Meski demikian, tarif yang direkomendasikan dalam PMK No. 48/2024, jelas Redma adalah hasil penyesuaian berdasarkan rekomendasi Komite Pengamanan Perdagangan Indonesia (KPPI). Oleh karena itu tarif ini menurutnya sudah cukup adil diterapkan, tetapi pelaksanaan di lapangan menjadi kunci utama keberhasilannya.

Ilustrasi produk tekstil. (SeongJoon Cho/Bloomberg)

"Jangan sampai PMK ini dipencundangi sendiri oleh Kemenkeu melalui kinerja buruk Bea Cukai," jelasnya. "Selama Bea Cukai dan Menkeu melegalkan praktik impor borongan, PMK ini akan menjadi percuma.”

Indonesia kembali menerapkan tarif tambahan untuk impor kain. Kebijakan ini seiring upaya melindungi industri lokal dari barang-barang murah yang kebanyakan berasal dari China. Pembaruan tarif diatur melalui PMK No.48/2024 yang akan mulai berlaku tanggal 9 Agustus 2024, dan berlaku untuk masa tiga tahun.

Lima jenis kain impor dari 124 negara akan terkena aturan baru ini.
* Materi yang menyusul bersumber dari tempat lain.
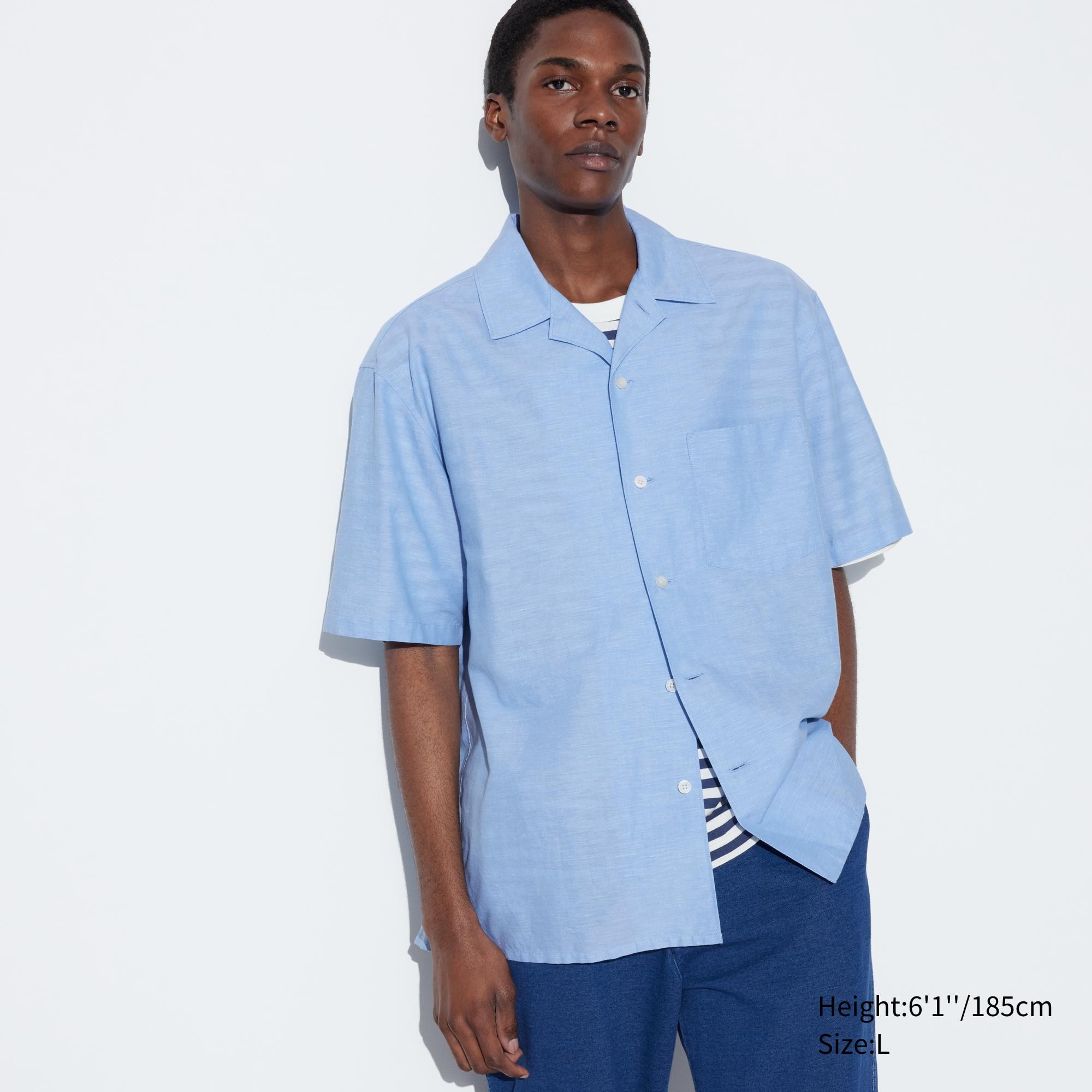 Uniqlo short sale sleeve oxford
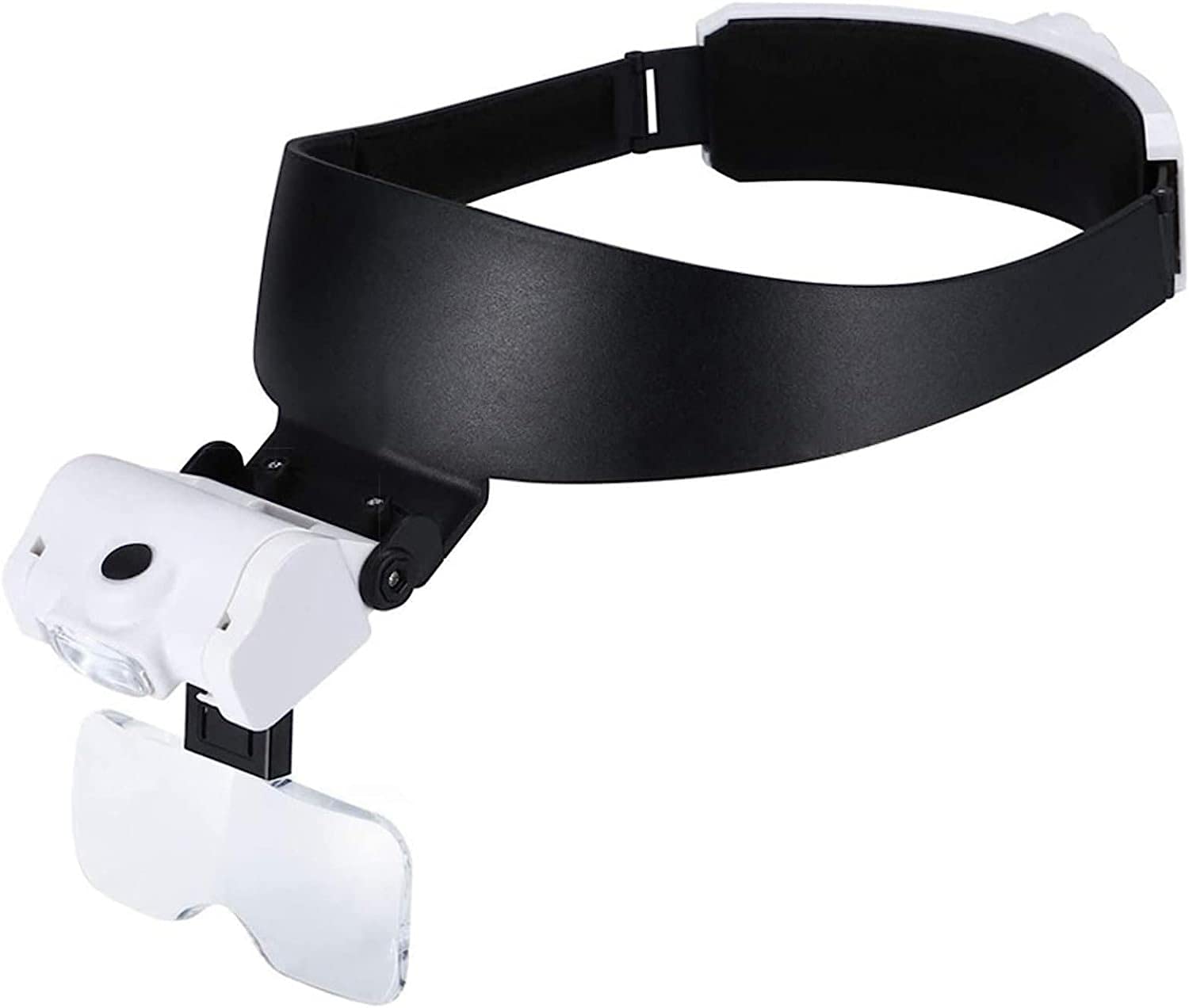 asdchZen 1.0X To 3.5X Magnifier With Led Lights,Hands Free Headband Magnifying Glass With 5 Detachable Lenses,For Close Work Reading Jewelry Watch Crafts Repair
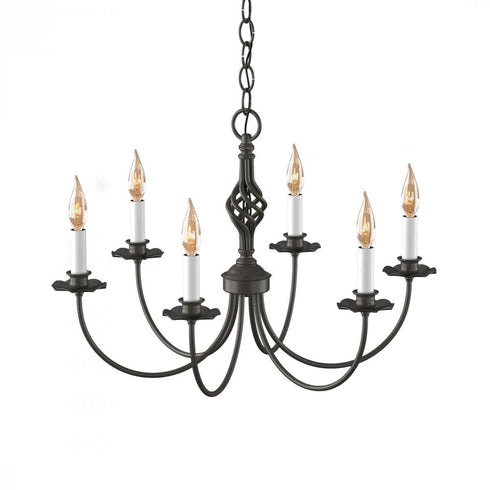 Hubbardton Forge Twist Basket 6 Arm Chandelier Model: 108060-SKT-03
Sementara itu, seluruh jenis kain impor dari China, Hong Kong dan Korea Selatan akan dikenai tarif tambahan tersebut.

Kebijakan tarif sebelumnya berakhir pada 2022 dan diterapkan sebagai jawaban atas keluhan dari industri tekstil Indonesia yang mengalami kesulitan akibat impor kain murah.

Tarif serupa juga diterapkan untuk karpet impor yang akan mulai berlaku mulai 20 Agustus dan akan berlaku selama tiga tahun. Produk-produk asal Vietnam dan Thailand, yang sebelumnya mendapat pengecualian dari tarif ini, akan terkena aturan baru tersebut.

Tarif tertinggi untuk kain impor kini sebesar Rp10.261 per meter di tahun pertama. Di aturan sebelumnya tarif maksimumnya adalah Rp10.635 per meter.

Untuk karpet, bea impor di tahun pertama adalah Rp74.461 per meter persegi, turun dari Rp85.679 per meter persegi di aturan lama. Kedua tarif ini akan turun di tahun-tahun berikut.

Selain tekstil, pemerintah Indonesia juga sedang menyelidiki impor produk lain yang bisa dikenai kebijakan tarif seperti ini.